The Homeland Security Department buys more uniforms from Mexico and Central America than it does from within the U.S., a top watchdog said Tuesday, ducking the spirit of Made in the USA rules the government has on the books.
Just 42 percent of the department’s uniforms are from the U.S., the Government Accountability Office said.
By contrast some 30 percent came from Mexico, 10 percent from El Salvador and 6 percent from Honduras, totaling nearly $75 million in spending over the last three years.
Those purchases fly in the face of rules that say Homeland Security, like much of the rest of government, is supposed to buy textiles that are grown or processed in the U.S. when it comes to national security cases. That chiefly means uniforms for the law enforcement branched of the department, such as the Border Patrol, Transportation Security Administration and the Secret Service.

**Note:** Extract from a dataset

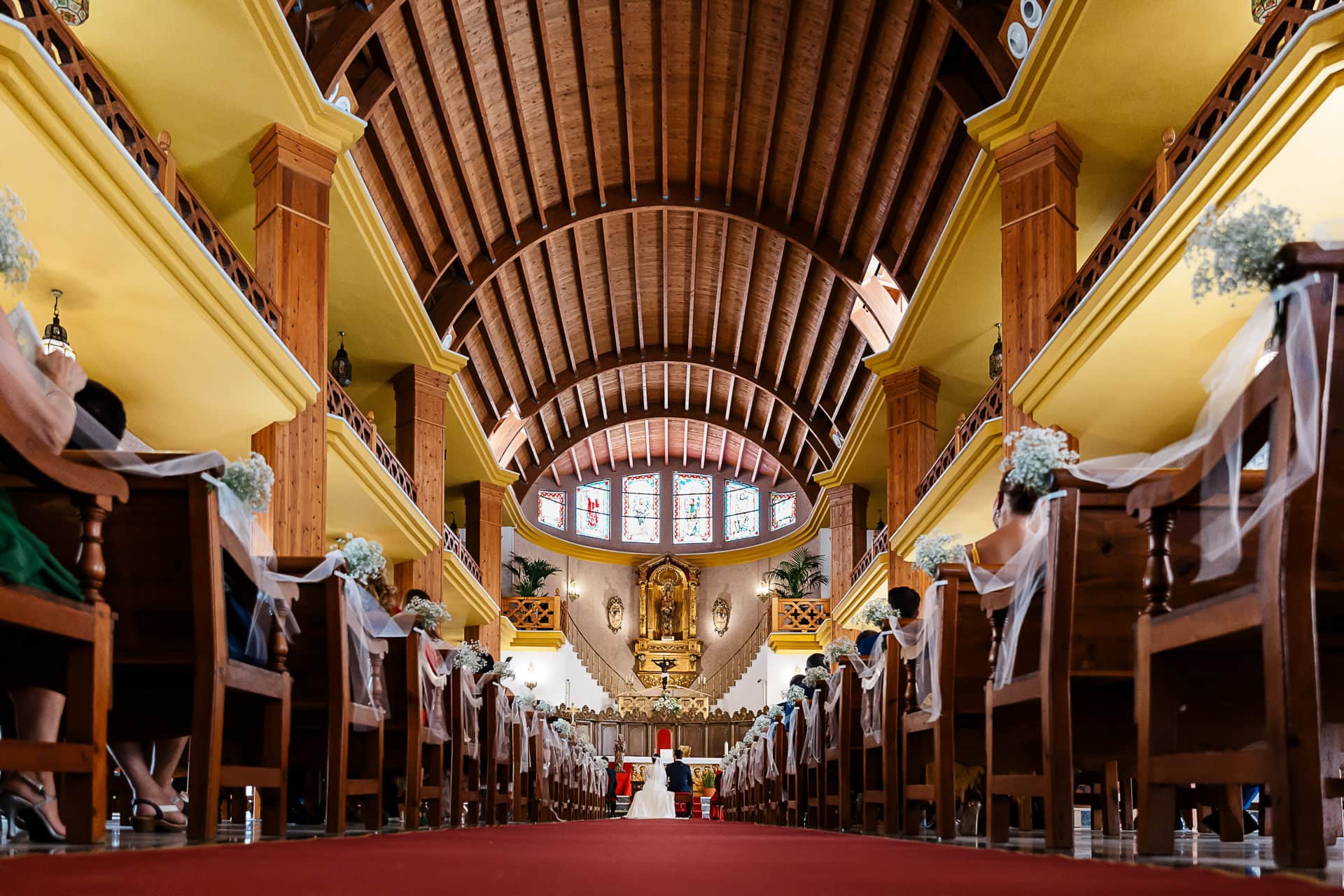 Ceremonia religiosa de boda en la Iglesia Santa María del Mar en Torremolinos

Homeland Security officials are aware of the rules and include language in contracts trying to follow them, the GAO said.
But in reality, there are a number of exceptions that prevent the Buy American rules from having a serious effect on government contracts.

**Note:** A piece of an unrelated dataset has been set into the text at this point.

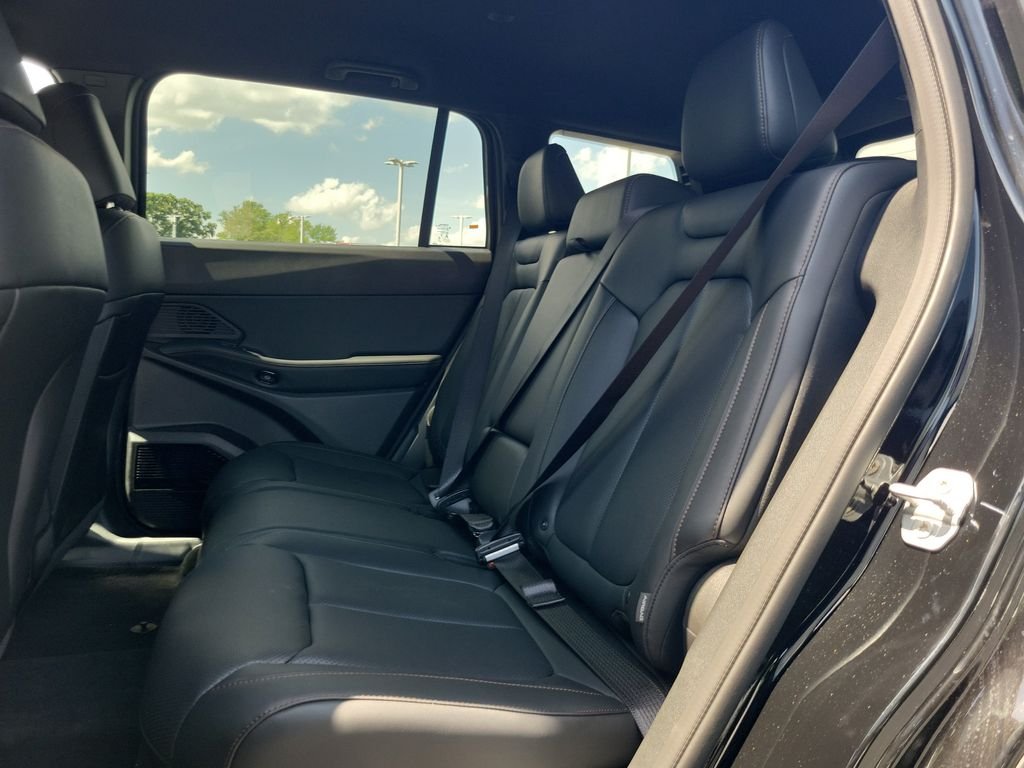 New 2026 Diamond Black Crystal Pearlcoat Jeep Limited image 11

Small contracts are exempt, and the Buy American rules are tossed out when they are deemed to violate U.S. trade deals, auditors said.
“As of June 2017, under the current uniforms contract, 58 percent of the value of ordered uniform items by DHS came from foreign sources,” the investigation found.
Foreign uniforms are, on the whole, less expensive to taxpayers, the GAO said.
Nearly 70 percent of the Transportation Security Administration’s uniforms and 46 percent of Secret Service textiles come from Mexico, compared to just 10 percent of U.S. Customs and Border Protection agents and officers’ uniforms.
Homeland Security didn’t provide an official response to the GAO for the report, and the department didn’t immediately respond to a request for comment from The Washington Times on Tuesday afternoon.
But the issue has rankled some members of Congress.
Rep. Scott Taylor, Virginia Republican, introduced a bill in March that would require homeland security to procure all of its uniforms from within the U.S. The bill has nearly 40 co-sponsors from both sides of the aisle.